How do you determine in which range to find the most characteristic frequency of a sound you’re mixing? Easy: turn the gain of your parametric equalizer all the way up and then start sweeping the entire authorized frequency range until you stumble upon the “bodyî of your sound, it will be so audible you won’t miss it. Turn the gain to 0 dB again and proceed to the desired correction…
Keep in mind that the harder you hit an instrument, the more sonic energy will be released by it and the more the spectral pattern will be crowded with treble harmonics. This phenomenon applies to strings, percussion, mouthpieces, and even vocal chords. You can even try out yourself: if you record the same melody in a soft voice and then very loudly, and adjust their levels in the same manner in the VU-meter, you’ll end up needing far more overall compressing and manipulating of the high mid range in order to be able to use the soft version on a playback.
|Nothing but a guitar chord|
Lets look at an E major chord played on the guitar: it’s made of the following notes: E1, B1, E2, G#3, B2, E3. The following considerations take into account only the first six harmonics of the chord. Their frequency does not go beyond 1980 Hz and even though ‘perfect notes’ are predominant within the chord (E, G#, B), they tend to pull towards F# and D# a bit. The guitar is a rather bass-mid instrument: if it wasn’t for the pick, metal strings, octave strings on a 12-string, or effects on an electric version and so on, we wouldn’t perceive it as an instrument sounding beyond the sixth harmonic…
|Sampling and corrections|
Sampling can be a tricky business.

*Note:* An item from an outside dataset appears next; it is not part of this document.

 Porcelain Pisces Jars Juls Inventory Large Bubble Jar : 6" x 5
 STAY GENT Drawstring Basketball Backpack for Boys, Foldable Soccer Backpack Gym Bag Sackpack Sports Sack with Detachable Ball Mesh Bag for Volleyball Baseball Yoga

Let’s take a real piano as an example: the spectral range of each note is slightly different from the preceding or following one, so if you sample a C2 and then you play from C1 to C3, all the sampler does is transpose the harmonic information defining C2. The ear recognizes the melody because of the fundamental, but the sampled pattern won’t trick the ear: it is used to a “real piano soundî, where the harmonics of a C3 are different from those of a C1.
The noise produced by the hammer also has an impact on the overall sound of the instrument. Each time the hammer hits a string, the subsequent shock, which covers a large bandwidth, excites the whole structure of the piano. This means that for each note, a characteristic formant exists, made up of a complicated array of harmonics resulting from the internal resonance. So whether you play a C1 or a C3, this part of the sound merely resulting from the mechanical resonance will remain unchanged.
The sampled C2 previously mentioned, certainly contains this component, but unlike the natural notes, which all share exactly the same resonance pattern, the sampled one will shift it up or down, creating a new combination of harmonics which the ear identifies as ‘unnatural’. To avoid this problem, most modern sampled pianos contain a vast number of samples.
The same principle applies to a guitar with the characteristic sound of the pick pinching the strings, or an electric bass, whose body has its resonance peak around 200 Hz. In both cases the pickups turn this ‘extra formants’ into an intrinsic component of the instrument’s sound. So, in order to equalize a real bass, you’ll need to focus on the band around 200Hz. If you sample a bass playing a G (around 96 Hz), on the other hand, its resonance will enhance harmonic 2, so if you then play this harmonically colored note, the resonance will also be transposed! At this point there’s no way of attenuating the instrument as easy as in the ‘real bass’ example.